If <join condition> is specified, AP is an equality AND-component of the <search condition>, one comparand
of AP is a column reference CR, and the other comparand of AP is a <literal>, then let CRC be the counterparts
of CR in R. Let {} denote the empty set. {} ↦ {CRC} is a known functional dependency in R if any of the following conditions is true:
— INNER is specified.
— If LEFT is specified and CR is a column reference to a column in T1.
— If RIGHT is specified and CR is a column reference to a column in T2.
NOTE 59 — An SQL-implementation may also choose to recognize {} -> {CRC} as a known functional dependency if the other
comparand is a deterministic expression containing no column references.

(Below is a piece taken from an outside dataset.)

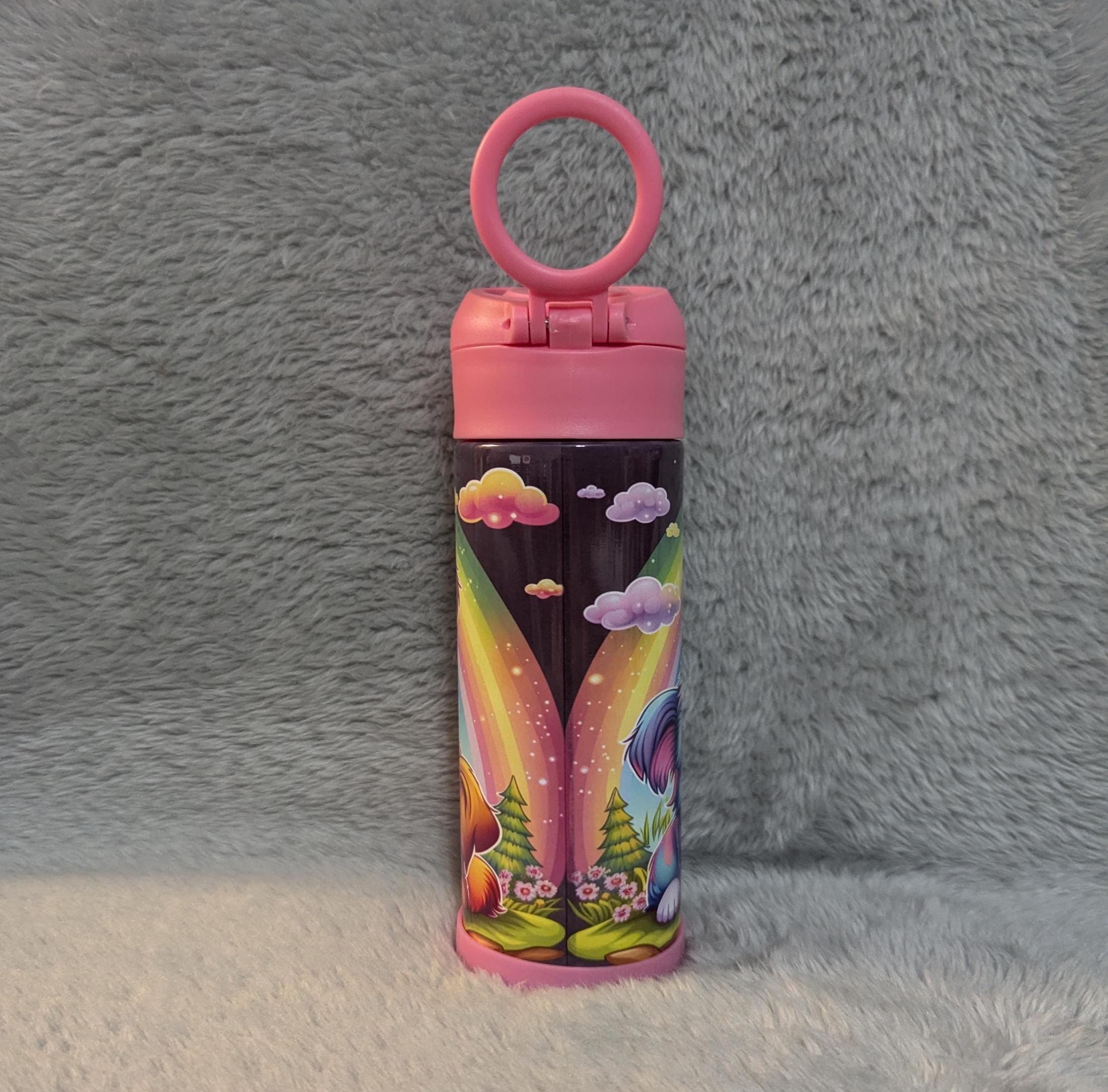 Kids Puppy Water Bottle 12oz With Reusable Straw Can Be Personalized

kaikalur commented 5 years ago

Hmm, this may just be a code bug too. For example in my final simplest test case, if in the inner most select if I select T1.k instead of T2.k, the bug doesn't happen. Looking at the code, I see in PredicatePushdown.processInnerJoin, we pushdown to the right using not(in(leftVariables)). I wonder why left fields is different in an inner join.